Draaggas
Draaggas is de mobiele fase die de analyt door de kolom transporteert bij gaschromatografie.
De stroomsnelheid van de draaggassen beïnvloedt de analyse van stoffen bij gaschromatografie, hoe hoger de stroomsnelheid hoe sneller de analyse. Veel moderne gaschromatografen meten elektronisch de stroomsnelheid en controleren elektronisch de druk van het draaggas om de stroomsnelheid te bepalen. De druk van het draaggas en de stroomsnelheid kunnen tijdens de analyse worden aangepast.
De keuze van een draaggas of mobiele fase is belangrijk. Waterstof is het draaggas dat het meest efficiënt is en de beste scheiding veroorzaakt, maar helium heeft een grotere reeks van stroomsnelheden of flow rates. Die zijn qua efficiëntie met waterstof te vergelijken, maar een groot voordeel is dat helium niet brandbaar is en in een groter aantal detectors kan worden gebruikt. Helium is daarom is het draaggas dat het meest bij gaschromatografie wordt gebruikt.

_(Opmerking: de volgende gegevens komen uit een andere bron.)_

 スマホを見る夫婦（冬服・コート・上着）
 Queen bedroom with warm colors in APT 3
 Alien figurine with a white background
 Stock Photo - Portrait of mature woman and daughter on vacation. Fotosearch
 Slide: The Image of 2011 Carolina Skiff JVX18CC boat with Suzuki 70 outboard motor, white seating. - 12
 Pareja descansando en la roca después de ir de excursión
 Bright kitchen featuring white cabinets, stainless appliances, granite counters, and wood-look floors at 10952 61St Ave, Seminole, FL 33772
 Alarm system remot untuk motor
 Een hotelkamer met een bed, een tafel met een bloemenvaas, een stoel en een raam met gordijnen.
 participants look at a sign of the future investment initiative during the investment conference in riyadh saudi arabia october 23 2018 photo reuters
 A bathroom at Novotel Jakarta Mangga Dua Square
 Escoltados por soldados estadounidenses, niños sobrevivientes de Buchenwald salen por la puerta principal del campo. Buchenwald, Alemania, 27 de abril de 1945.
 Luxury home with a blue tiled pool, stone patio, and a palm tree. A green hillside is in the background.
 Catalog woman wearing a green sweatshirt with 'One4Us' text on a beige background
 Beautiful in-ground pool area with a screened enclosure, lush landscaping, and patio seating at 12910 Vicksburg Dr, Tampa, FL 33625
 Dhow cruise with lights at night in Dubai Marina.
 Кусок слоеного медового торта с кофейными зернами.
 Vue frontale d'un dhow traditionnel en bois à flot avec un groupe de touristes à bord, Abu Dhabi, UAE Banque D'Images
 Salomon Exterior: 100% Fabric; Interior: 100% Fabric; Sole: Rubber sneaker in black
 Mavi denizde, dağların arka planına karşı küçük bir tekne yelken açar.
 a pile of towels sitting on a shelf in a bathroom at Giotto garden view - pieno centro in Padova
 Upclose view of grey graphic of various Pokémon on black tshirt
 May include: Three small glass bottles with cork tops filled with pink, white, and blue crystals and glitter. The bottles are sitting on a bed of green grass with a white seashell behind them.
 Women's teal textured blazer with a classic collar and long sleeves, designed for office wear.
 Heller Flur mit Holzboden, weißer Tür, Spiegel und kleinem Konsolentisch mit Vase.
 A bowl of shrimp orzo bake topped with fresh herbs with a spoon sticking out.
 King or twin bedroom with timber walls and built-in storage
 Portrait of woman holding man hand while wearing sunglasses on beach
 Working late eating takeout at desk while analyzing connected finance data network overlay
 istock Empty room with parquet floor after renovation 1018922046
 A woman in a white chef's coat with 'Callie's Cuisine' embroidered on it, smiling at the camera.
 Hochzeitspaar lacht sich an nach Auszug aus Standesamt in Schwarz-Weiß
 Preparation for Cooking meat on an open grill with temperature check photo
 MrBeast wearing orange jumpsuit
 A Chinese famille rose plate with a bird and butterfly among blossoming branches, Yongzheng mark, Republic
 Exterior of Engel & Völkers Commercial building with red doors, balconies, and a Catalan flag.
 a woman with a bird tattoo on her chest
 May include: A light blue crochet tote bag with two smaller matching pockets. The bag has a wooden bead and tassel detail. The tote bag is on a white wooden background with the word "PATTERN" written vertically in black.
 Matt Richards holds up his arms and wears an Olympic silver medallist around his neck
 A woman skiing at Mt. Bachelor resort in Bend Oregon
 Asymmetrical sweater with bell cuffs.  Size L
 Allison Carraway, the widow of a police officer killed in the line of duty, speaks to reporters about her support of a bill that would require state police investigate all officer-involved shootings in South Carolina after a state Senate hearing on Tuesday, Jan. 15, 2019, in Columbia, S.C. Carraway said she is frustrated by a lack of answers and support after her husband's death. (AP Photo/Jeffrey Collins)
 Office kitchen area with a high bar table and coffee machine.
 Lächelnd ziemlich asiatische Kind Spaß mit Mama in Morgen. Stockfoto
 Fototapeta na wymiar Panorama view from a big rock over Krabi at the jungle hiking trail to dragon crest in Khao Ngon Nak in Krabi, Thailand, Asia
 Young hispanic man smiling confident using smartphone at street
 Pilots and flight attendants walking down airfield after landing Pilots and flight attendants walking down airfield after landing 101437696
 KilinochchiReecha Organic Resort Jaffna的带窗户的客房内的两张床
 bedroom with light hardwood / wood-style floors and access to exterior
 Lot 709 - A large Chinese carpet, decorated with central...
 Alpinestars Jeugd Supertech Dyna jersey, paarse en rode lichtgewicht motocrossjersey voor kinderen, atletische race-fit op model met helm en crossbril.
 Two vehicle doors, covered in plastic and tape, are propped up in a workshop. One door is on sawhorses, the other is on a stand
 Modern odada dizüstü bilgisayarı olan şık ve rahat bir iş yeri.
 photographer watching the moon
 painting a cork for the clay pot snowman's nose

Typische draaggassen zijn helium, distikstof, argon, diwaterstof en lucht. De keuze van de stof hangt af van de keuze van de detector die wordt gebruikt, niet iedere detector werkt met alle draaggassen. De draaggas wordt soms wanneer het gasmonster wordt geanalyseerd op basis van de matrix van het monster geselecteerd. Als bijvoorbeeld een mengsel in argon wordt geanalyseerd gebruikt men argon als draaggas omdat de argon in het monster niet op het chromatogram zichtbaar is. Veiligheid en bruikbaarheid kunnen ook van invloed zijn op de keuze van het draaggas, waterstof is bijvoorbeeld brandbaar en op sommige plaatsen in de wereld is het moeilijk om aan zuiver helium te komen.
De puurheid van de draaggas wordt vaak ook bepaald door de detector. Meestal worden bij gaschromatografie draaggassen van 99.995% of hoger gebruikt. Er zijn aanduidingen voor de puurheid voor zoals Zero Grade, Ultra-High Purity (UHP) Grade, 4.5 Grade en 5.0 Grade.